I suppose I could be jerk and my computer just hates me.


----------



## fronclynne (Jun 4, 2010)

wblock said:
			
		

> Laptop?  Hmm, other ideas: need new settings for the mouse with new xorg (like Emulate3Buttons Off), or maybe you're using the Synaptics driver and there are new/different options?  xorg.conf and Xorg.0.log might help.



woof, I dunno, it's weird though the way it comes and goes like a heisenbug.  I'm starting to suspect it's temperature-related.

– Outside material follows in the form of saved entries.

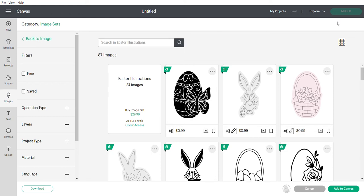Hey everyone, welcome back to my channel. Today we're covering creating cookie stencils in Design Space. A few days ago in my Facebook group, I posted a picture of this first image here and mentioned doing a tutorial on how to take that image and turn it into the opposite for a paint-your-own cookie stencil.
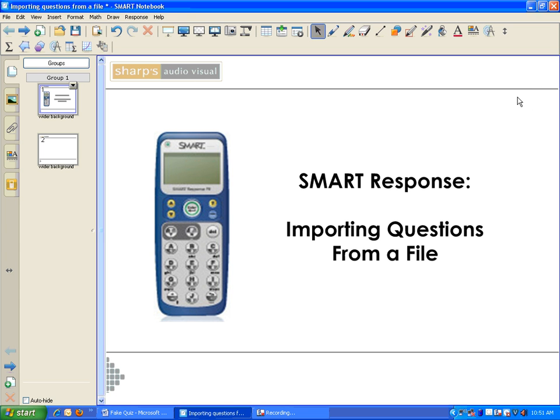One of the options for Smart Response is to import questions from a file. Instead of having to retype every single quiz or test question into Notebook, you can import ones that you've previously made.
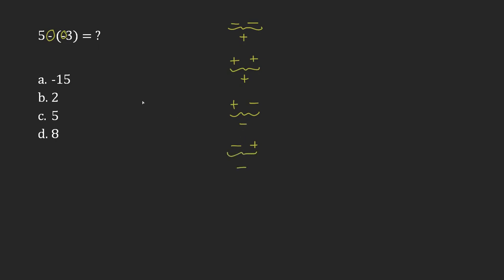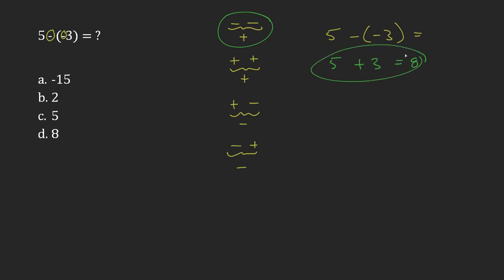So 5 minus minus 3 is the same as, using this replacement, it's the same as 5 plus 3, which is equal to 8. And so my answer is D.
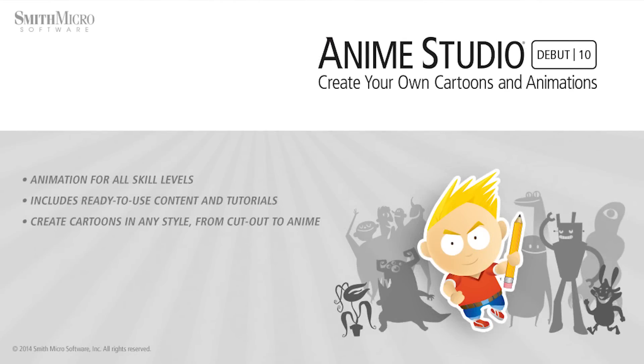Start animating today. For more information, visit anime.smithmicro.com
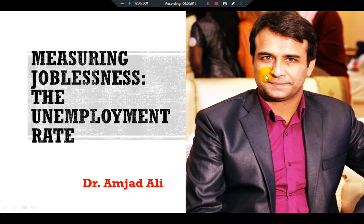Welcome to the audience, students and scholars here. I am Dr. Amjad Ali. In this video we will learn measuring joblessness, the unemployment rate.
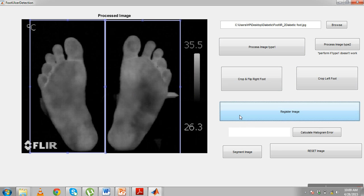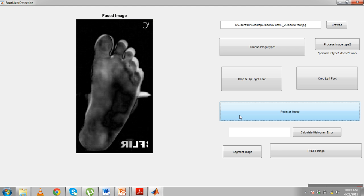After cropping, you have to register the image. The registration process works as follows: the right foot is tilted and placed over the left foot, then registered based on the SURF feature points.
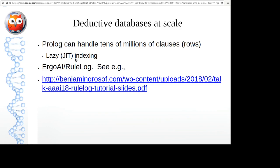How does it scale? Modern Prolog systems can easily handle tens of millions of clauses in a database — even a hundred million is not unheard of, though you need a machine with several hundred gigabytes of memory. Modern systems like SWI-Prolog and YAP do automatic indexing: when they see a query they automatically create an index on the fly if a reasonable one doesn't exist.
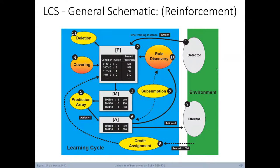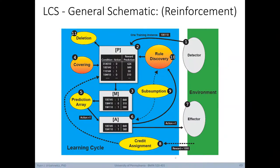Learning classifier systems were originally designed for reinforcement learning. In this case, because we don't know whether a prediction is correct at any given time, instead of forming a correct and incorrect set, after forming a match set we use a prediction array to predict what action to take next, or to pick a random action to explore the search space. This action is sent to the environment, where occasionally we get feedback in the form of reward. Whenever a reward is found, a credit assignment mechanism tries to back-propagate reward to the rules that made that success ultimately possible.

In any case, you can have a look:
(sorry about having to bzip2(1) the Xorg.log.0 file . . . meh)


----------



## aragon (Jun 4, 2010)

FWIW this sometimes happens to me with Xorg 7.4 and Xfce.  Rebooting does fix it though...


----------



## wblock@ (Jun 4, 2010)

aragon said:
			
		

> FWIW this sometimes happens to me with Xorg 7.4 and Xfce.  Rebooting does fix it though...



Is that a on desktop or laptop?  PS/2 or USB mouse?

I use xfce, too, but I've never seen a mouse focus problem (USB mouse, desktop).  Always on click to focus, though.


----------



## aragon (Jun 4, 2010)

wblock said:
			
		

> Is that a on desktop or laptop?  PS/2 or USB mouse?


Desktop, USB.

I don't think it's a hardware problem.  I can't even Alt-Tab between apps when it happens.


----------



## fronclynne (Jun 6, 2010)

aragon said:
			
		

> Desktop, USB.
> 
> I don't think it's a hardware problem.  I can't even Alt-Tab between apps when it happens.



Yeah, the thing that's really getting to me is that there doesn't seem to be any error message or any way to debug it.


----------



## aragon (Jun 7, 2010)

fronclynne said:
			
		

> Yeah, the thing that's really getting to me is that there doesn't seem to be any error message or any way to debug it.


In my case it takes a good month or so of uptime to occur.  Very hard to debug.


----------